Not necessarily — a CRM note capturing “viewer seemed keen, mentioned parking” is still useful as a record for the negotiator’s own reference. What structured feedback adds is consistency (the same questions, asked every time, so responses can be compared) and a reporting step (turning several notes into one summary a vendor can read). Many agencies end up running both: CRM notes for the negotiator’s own memory, and a structured feedback form or link as the thing that actually gets reported outward.
Sales vs. lettings
The concept is identical either side of the transaction, but the questions shift slightly. On the sales side, feedback leans toward price and condition — would they offer, and if not, why not. On the lettings side, it leans more toward move-in timing, suitability, and whether the property matched the listing — feedback that gets reported to a landlord rather than a vendor.
Where this fits in the wider process
Viewing feedback is one part of a longer chain: book the viewing, run the viewing, collect feedback, report to the vendor or landlord, and — if a pattern emerges — have the harder conversation it points to (usually about price). Getting the feedback step right is what makes every step after it easier, because it’s the difference between reporting facts and guessing.

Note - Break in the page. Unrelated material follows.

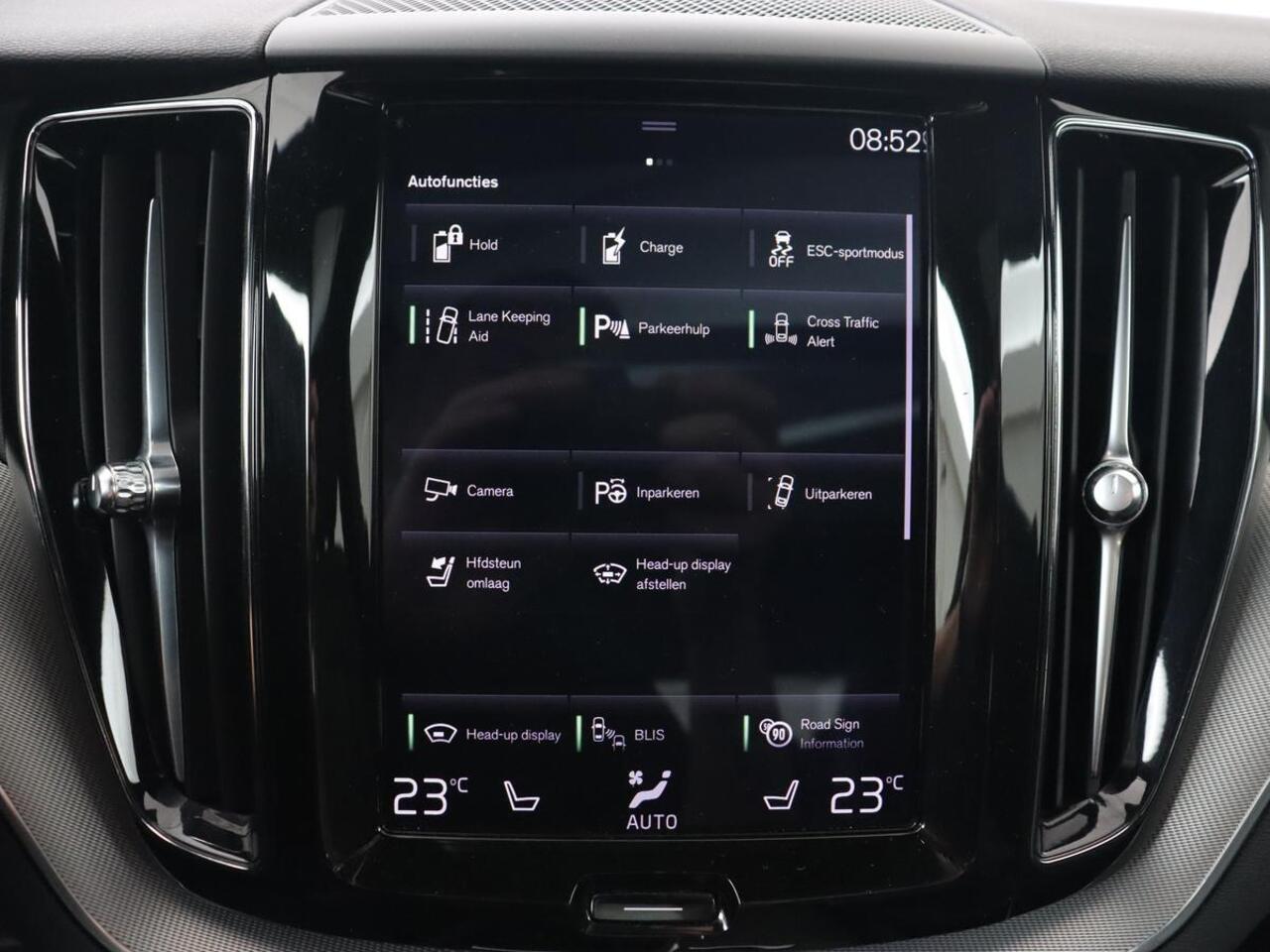 Volvo XC60 2.0 Recharge T8 AWD R Design | Panoramadak | Head-Up | 360 Camera | Stoel & stuurverwarming | Carplay | Keyless | Harman/Kardon | Navigatie | Half leder | Memory | PHEV | Plug In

If you want the practical building blocks — the actual questions to ask, a form you can copy, and email or text wording — the rest of this guide covers each of those in turn. Start with our complete guide to viewing feedback for estate agents for the full picture, or jump straight to a ready-made question set.
If you’d rather not build any of this by hand, ViewingFeedback sends the questions, collects the answers, and builds the vendor report automatically.
Frequently asked questions
Is viewing feedback the same as a vendor report?
No — viewing feedback is the raw input from each viewer; a vendor report is the rolled-up summary of several viewers' feedback that gets sent to the person selling or letting the property.
Who is viewing feedback for?
Ultimately the vendor or landlord, even though it's collected from the viewer. The point of asking a viewer for feedback is to give the person who owns the property a clear, honest update on how viewings are going.
Does viewing feedback need to be anonymous?
It doesn't have to be, but most agencies find viewers are more candid — particularly about price or condition — when they know a comment won't be read back to the seller with their name attached.
How is viewing feedback different for sales vs. lettings?
The format is the same, but the questions differ slightly — sales feedback focuses more on price and likelihood to offer, while lettings feedback focuses more on move-in timing and suitability for the tenant.